Today I stumbled on a quote from someone whose philosophy I do indeed despise: the "Reverend Ivan Stang," a "brilliant satirist with a gift for promotion", as the Hacker's Dictionary defines him. A leading member of the so-called "Church of the Subgenius", he is notorious for brilliantly, hilariously, and quite maliciously dissing organized religion in general and Christianity in very focused particular.

The following is from his first book, entitled "High Weirdness by Mail: A Dictionary of the Fringe - Mad Prophets, Crackpots, Kooks, and True Visionaries", published in 1988.

This book belonged to Dave, my former housemate in the late 80s, when I lived at The Stenhouse, The Bachelor Toybox from Hell (a very happy but fortunately relatively brief time from which my wife and wedding day would eventually rescue me). I had long since lost the book, but never forgot the sentiment. However, observing my three little boys beating each other up at home this afternoon, I had a vision of the Stooges in action... which brought to mind this quote.

In this short discussion, Mr. Stang explains in rough outline the first step to true understanding: the existence of the spiritual pecking order among humans. This semi-comic essay was my first step into a longer term project: the discernment of the Spiritual Ladder, and an attempt to understand natural nobility as it manifests itself in our day.

Like I said: I can't abide him or his sniggering anti-Christianity. However, I do recognize his occasional ability to recognize truth and state it well, as here:

There are three kinds of people -- I call them Larrys, Curlys, and Moes. The Larrys don't even know that there are three types; if they're told, it's an abstraction, because they cannot imagine anything beyond Larry-ness. The Curlys know about it, and recognize the pecking order, but find ways of living with it cheerfully...for they are the imaginative, creative ones. The Moes not only know about it, but exploit and perpetuate it.

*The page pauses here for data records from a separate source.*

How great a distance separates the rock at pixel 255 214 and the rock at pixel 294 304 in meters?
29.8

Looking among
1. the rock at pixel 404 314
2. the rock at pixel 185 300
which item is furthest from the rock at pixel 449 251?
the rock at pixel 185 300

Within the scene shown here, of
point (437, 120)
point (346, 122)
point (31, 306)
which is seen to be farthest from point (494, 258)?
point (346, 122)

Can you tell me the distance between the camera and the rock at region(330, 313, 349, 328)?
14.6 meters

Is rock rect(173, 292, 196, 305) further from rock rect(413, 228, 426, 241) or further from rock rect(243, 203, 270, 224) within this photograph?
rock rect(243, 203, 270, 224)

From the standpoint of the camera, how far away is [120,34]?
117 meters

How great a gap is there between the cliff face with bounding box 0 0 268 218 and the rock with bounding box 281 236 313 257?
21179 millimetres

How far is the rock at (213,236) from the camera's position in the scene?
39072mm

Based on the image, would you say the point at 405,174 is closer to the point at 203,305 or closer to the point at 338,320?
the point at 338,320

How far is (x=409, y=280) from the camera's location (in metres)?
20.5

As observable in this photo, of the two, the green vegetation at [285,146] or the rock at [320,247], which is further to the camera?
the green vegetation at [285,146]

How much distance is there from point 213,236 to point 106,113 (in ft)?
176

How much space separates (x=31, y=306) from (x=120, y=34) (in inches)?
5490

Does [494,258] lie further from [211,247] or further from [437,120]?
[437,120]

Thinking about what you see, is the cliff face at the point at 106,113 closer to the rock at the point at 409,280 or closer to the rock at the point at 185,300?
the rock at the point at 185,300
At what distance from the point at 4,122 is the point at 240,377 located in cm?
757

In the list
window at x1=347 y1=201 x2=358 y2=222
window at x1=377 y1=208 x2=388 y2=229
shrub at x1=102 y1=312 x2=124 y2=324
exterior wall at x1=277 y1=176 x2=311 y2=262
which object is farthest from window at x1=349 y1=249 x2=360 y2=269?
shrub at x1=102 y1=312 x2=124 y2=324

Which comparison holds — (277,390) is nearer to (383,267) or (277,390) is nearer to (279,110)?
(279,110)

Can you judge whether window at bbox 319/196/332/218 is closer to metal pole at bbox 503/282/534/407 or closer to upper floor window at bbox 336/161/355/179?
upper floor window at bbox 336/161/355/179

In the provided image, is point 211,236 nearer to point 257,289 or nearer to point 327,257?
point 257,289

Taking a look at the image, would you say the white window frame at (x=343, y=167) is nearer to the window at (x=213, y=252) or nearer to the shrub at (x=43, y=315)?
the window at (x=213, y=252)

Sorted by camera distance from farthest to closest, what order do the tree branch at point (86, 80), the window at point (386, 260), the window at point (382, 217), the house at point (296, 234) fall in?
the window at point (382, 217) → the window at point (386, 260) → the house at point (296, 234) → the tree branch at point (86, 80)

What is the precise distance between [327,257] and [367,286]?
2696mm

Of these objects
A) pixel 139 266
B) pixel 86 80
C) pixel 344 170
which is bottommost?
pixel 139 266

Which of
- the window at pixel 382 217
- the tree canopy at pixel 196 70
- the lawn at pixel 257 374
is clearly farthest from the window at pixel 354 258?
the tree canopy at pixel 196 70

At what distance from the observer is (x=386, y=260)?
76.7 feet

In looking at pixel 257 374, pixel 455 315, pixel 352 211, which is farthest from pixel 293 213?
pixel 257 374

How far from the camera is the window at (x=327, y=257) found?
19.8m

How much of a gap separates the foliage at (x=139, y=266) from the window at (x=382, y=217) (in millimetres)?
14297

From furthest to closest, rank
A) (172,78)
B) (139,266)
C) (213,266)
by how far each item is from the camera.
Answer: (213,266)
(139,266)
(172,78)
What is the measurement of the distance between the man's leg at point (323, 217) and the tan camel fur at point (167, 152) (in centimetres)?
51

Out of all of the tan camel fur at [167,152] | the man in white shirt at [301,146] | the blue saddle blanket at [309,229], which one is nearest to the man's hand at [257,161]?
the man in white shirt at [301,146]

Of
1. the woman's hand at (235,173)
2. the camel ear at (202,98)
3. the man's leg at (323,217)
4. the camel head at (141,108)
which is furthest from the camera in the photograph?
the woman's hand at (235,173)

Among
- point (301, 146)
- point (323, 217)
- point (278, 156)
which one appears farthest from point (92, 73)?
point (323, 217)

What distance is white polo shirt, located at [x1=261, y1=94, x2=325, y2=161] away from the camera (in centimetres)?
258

The naive, pleasant believers of all kinds are Larrys -- ineffectual, well-meaning do-gooders destined always to be victims, often without once guessing their status. Like sheep, they don't want to hear the unpleasant legends about "the slaughterhouse"; they trust the strange two-legged beings who feed them. The artists, unsung scientific geniuses, political writers, and earnest disciples of the stranger cults are Curlys -- engaging, original, accident-prone but full of life, intuitively aware of the Moe forces plotting against them and trying to fight back. They can never defeat the Moes, however, without BECOMING Moes, which is impossible for a true Curly.

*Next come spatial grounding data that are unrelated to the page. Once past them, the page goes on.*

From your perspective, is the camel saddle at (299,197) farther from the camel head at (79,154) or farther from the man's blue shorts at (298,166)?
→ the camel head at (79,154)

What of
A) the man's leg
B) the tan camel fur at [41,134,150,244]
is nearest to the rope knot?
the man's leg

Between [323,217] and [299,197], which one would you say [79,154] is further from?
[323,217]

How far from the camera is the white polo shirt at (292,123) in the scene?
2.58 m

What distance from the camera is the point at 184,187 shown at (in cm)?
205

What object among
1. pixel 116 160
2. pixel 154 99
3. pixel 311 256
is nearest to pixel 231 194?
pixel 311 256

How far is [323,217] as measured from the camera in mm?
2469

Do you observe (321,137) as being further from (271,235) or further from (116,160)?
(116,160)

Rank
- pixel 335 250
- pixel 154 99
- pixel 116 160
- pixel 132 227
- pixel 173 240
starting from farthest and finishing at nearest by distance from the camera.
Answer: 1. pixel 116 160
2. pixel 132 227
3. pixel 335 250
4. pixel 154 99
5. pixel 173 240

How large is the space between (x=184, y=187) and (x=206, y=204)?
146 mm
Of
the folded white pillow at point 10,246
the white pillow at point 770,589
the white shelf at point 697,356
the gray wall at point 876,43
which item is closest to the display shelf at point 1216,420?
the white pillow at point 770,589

The Moes, then, are the fanatics, the ranters, the cult gurus, the Uri Gellers AND the Debunkers; they are the Resistance Leaders and the Ruling Class Bankers. They hate each other, but only because they want to control ALL the Larrys and Curlys themselves. They don't actually enjoy their dominance; it's simply part of their nature. Nor are they less foolish for the fact that they make the decisions. They suffer a chronic paranoia that is unknown to their less demanding underlings. Larrys and Curlys die in wars started by rival Moes -- the Larrys willingly, the Curlys with great regret. Concepts like "Hell" and "Sin" were invented by Moes to keep Larrys in line; the Larrys in turn, being far more numerous, exert social pressures on the Curly minority to also obey...mainly so the Larrys won't feel like suckers.

The Moes also invent myths, like that of the "Grouchos, Harpos, Chicos, and Zeppos," to throw the more rebellious Curlys off their trail and keep them unsure of the real situations. (When the Curly's finally die of overwork, the Moes find that they cannot live in an all-Larry world; they select special Larry's and vainly try to mold them into False Curlys...but it isn't the same.)

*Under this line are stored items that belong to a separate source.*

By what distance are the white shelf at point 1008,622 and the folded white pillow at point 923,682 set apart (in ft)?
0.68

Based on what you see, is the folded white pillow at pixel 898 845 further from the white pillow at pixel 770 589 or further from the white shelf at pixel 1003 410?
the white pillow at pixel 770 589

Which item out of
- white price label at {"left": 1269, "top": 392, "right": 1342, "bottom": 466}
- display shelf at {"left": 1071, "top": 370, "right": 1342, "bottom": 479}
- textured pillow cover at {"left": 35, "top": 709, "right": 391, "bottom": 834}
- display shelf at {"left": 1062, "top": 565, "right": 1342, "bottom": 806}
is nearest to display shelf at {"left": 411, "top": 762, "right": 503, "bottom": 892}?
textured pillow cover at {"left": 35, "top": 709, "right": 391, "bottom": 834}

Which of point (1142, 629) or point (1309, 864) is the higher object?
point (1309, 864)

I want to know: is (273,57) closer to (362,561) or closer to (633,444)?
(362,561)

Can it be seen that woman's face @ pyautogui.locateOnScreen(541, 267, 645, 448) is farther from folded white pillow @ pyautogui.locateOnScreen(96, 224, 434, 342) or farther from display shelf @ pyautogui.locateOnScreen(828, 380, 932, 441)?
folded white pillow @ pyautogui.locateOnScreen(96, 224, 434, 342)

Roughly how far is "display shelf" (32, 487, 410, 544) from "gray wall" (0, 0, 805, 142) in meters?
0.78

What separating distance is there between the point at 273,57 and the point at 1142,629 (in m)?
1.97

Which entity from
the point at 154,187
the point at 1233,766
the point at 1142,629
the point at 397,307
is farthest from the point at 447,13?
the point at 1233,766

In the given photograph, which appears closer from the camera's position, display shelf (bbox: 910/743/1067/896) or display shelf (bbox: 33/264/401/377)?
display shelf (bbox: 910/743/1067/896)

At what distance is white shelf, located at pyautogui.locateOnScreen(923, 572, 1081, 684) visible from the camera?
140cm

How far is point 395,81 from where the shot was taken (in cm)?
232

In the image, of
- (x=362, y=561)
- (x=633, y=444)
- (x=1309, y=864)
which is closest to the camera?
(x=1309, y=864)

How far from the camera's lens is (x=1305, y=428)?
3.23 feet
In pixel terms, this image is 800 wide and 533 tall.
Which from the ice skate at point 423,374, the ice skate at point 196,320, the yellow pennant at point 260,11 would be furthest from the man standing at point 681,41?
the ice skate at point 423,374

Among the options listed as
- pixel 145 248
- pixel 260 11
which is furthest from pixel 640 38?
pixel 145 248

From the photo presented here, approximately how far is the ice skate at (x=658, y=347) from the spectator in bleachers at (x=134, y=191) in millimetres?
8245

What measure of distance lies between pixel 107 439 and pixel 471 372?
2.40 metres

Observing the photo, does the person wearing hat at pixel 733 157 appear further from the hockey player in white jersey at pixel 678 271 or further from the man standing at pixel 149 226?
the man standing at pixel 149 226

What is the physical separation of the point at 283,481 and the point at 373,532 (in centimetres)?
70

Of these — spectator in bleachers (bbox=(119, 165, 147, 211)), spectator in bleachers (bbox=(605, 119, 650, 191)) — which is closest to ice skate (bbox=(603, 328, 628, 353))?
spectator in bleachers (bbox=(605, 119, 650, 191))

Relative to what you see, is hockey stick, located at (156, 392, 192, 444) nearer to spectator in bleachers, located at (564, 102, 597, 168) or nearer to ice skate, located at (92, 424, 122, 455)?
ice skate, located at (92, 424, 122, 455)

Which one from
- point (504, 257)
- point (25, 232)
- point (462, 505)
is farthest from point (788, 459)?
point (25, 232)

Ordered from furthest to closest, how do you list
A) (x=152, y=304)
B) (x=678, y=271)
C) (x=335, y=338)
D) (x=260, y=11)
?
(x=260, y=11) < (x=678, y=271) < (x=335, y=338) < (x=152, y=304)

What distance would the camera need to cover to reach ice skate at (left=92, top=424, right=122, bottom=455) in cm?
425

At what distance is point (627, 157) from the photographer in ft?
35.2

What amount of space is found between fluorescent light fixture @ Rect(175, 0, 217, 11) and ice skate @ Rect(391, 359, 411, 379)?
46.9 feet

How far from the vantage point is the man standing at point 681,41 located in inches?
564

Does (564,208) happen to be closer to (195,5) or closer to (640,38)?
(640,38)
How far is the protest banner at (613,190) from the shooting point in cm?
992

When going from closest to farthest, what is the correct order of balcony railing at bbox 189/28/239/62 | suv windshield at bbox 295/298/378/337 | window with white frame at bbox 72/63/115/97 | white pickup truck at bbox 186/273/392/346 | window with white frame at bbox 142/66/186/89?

I am a Moe, though not a particularly powerful one; that is why I know these things, and it is also why I dare to tell you -- for most of you will think it's just a funny joke. A few will know it is the truth, but will fight far harder against my Moe enemies than you will against me, a relatively harmless Moe. My fellow Moes -- enemies and uneasy SubGenius allies alike -- will know what I'm REALLY saying...


Ivan Stang. Smart man.

And it is in honor of this quote that I have always kept three little statuettes on my desk at work, near my image of St. Thomas More: one each of Larry, Curly, and Moe.

But he is, however, wrong. There are not three types of people, but seven (with infinite gradations within each type). Of which, more presently.

ADDENDUM:


A friend of mine objects to the "sin is invented" meme embedded above. Well, I don't buy it either. Stang probably stole it from Heinlein, who stole it from Nietzsche, who stole it from Rousseau. Doesn't make the rest of the insight untrue. (Alas, Moes may not have invented the concept of sin, but they have certainly and often exploited it to their own ends.)